▸ THE TASK:
Your output must be the lines below from the line containing "Koniec z wyścigami" to the line containing "(HT PHOTO) Ahirwar", both lines included, reproduced exactly and without pictures.

▸ DATASET RECORDS:
• • • • • • •

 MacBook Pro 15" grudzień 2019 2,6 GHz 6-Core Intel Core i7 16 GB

• • • • • • •

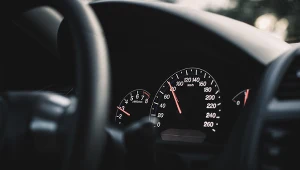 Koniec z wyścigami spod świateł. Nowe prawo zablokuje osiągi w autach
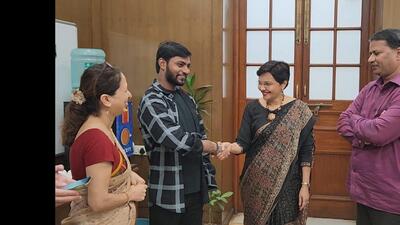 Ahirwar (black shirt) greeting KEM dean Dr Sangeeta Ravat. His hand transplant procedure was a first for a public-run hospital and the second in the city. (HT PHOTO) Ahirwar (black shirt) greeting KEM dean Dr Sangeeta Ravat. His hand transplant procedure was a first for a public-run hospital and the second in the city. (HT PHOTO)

• • • • • • •

▸ FINISHED TASK:
 Koniec z wyścigami spod świateł. Nowe prawo zablokuje osiągi w autach
 Ahirwar (black shirt) greeting KEM dean Dr Sangeeta Ravat. His hand transplant procedure was a first for a public-run hospital and the second in the city. (HT PHOTO) Ahirwar (black shirt) greeting KEM dean Dr Sangeeta Ravat. His hand transplant procedure was a first for a public-run hospital and the second in the city. (HT PHOTO)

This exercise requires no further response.